Whenever I hear conservatives talk about restoring honour or going back to the "morality" of our Founding Fathers, I have to cringe just a bit. Humanity is the march of progression. We don't own slaves today, so that makes us more moral than our Founding Fathers who owned slaves. Women and minorities have a right to vote. When our nation was born, only white, male property owners were allowed to vote. Do we want to go back to that? Or are we better than our Founding Fathers on this point? The most baffling point to me is how a group of people who pride themselves on being religious and "ignorant" (with intellectualism seen as a negative thing) put on a pedestal men who were not religious and were all about enlightenment and other intellectual ideas. Do they not see the disconnect?
Many, if not all, of these Teabaggers are loyal Bush supporters and if you've ever read Jefferson's writings, you'd know that the third U.S. president had nothing good to say about Europe's system of government through inheritence. Jefferson believed (quite correctly, I might add) that people who lead merely because of their fathers being leaders made for intolerable and incompetent tyrants. None of the Founding Fathers would have supported George W. Bush. Well, maybe Alexander Hamilton might have. He wanted an imperial "president for life." President Barack Obama fulfills the dream of Jefferson's America: a land of meritocracy, where the best and brightest are elected to lead people. I'm sure if Jefferson were to come visit the U.S., he would be surprised by how far we've progressed as a nation, where a black man won the most votes of any president in history. That's remarkable and historic. Something worth celebrating.

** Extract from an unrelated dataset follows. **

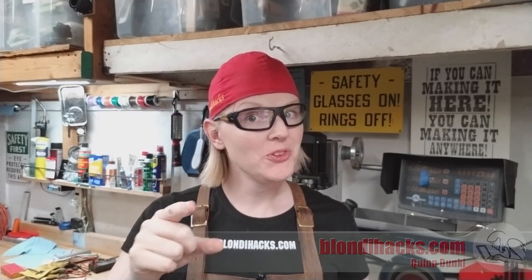Hello Internet, my name is Quinn and this is BlondieHacks. It's Kuhlman cutter grinder time again. We've got some really cool parts to show you and we've got to make some more tools, so let's go.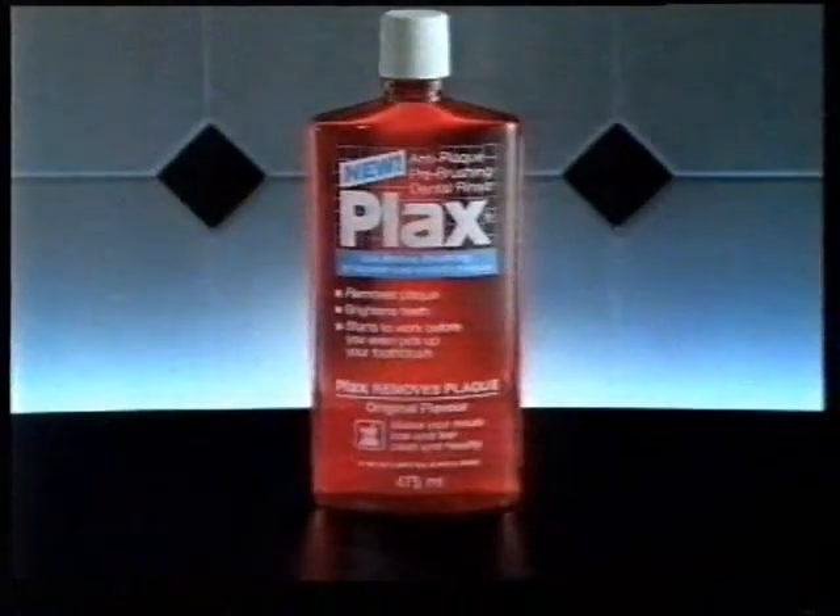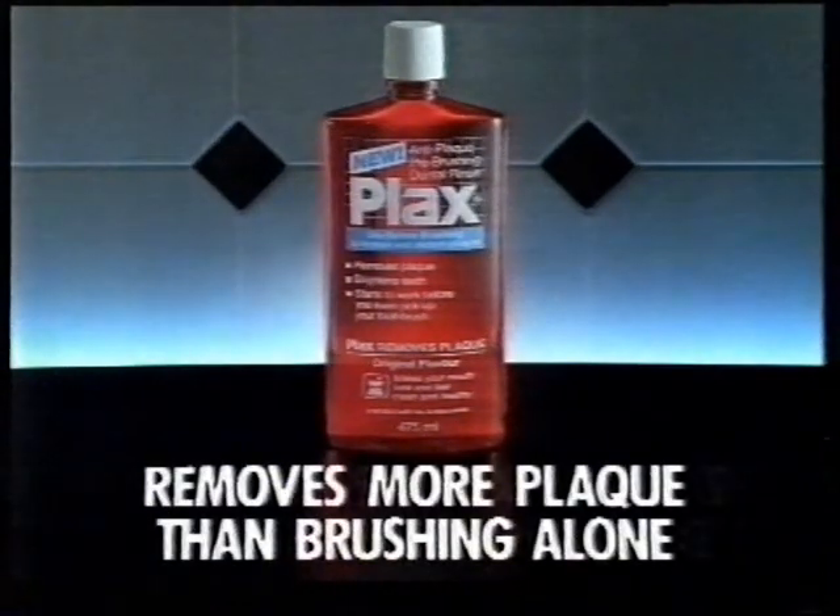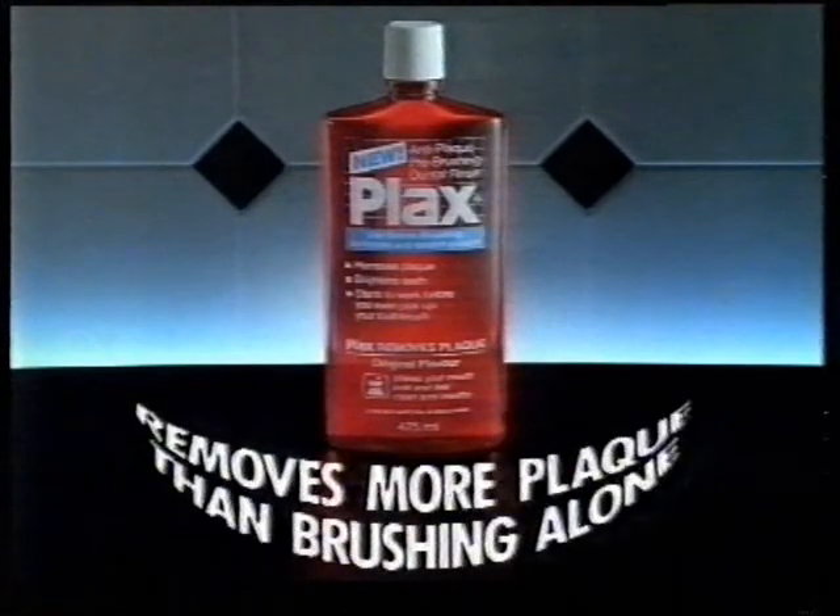But rinsing first with Plaques before you brush helps loosen plaque and break it up, so your toothbrush removes it more effectively, leaving your teeth feeling cleaner and looking brighter. Plaques Pre-Brushing Dental Rinse removes more plaque than brushing alone.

But to Beck's minions of Teabaggers, Obama represents a "threat" to the American way of life. Their ignorance is appalling and their motives are transparent. Though political signs were banned from the event (I guess Beck was worried about his followers carrying the embarrassingly racist signs of previous Teabagger rallies), from photos I've seen, there were few minorities present. It looked like the world's largest trailer park community had set up camp on the National Mall. If NASCAR had a race that day, I'm certain the numbers would have been far smaller than the 100,000 to 300,000 people who attended.
The photos of Glenn Beck show that he actually wore a bullet proof vest underneath his shirt! I found this amusing. For a guy who wishes to lead America in a spiritual rebirth, he seems to be fearful of his own followers! This does not surprise me, actually, because a few years ago, I read an interview with Ann Coulter. She claimed to find her fans "disturbing" and expressed fear over their creepy obsessions with her. Well, duh! When you appeal to people's emotions and find ways to rile them up, its not surprising that you'd be subjected to their OCD obsessions! When I interned in D.C., I received so many anti-government phone calls from OCD conservatives. A mentally healthy person lives a well-balanced life and does not obsess over a single issue.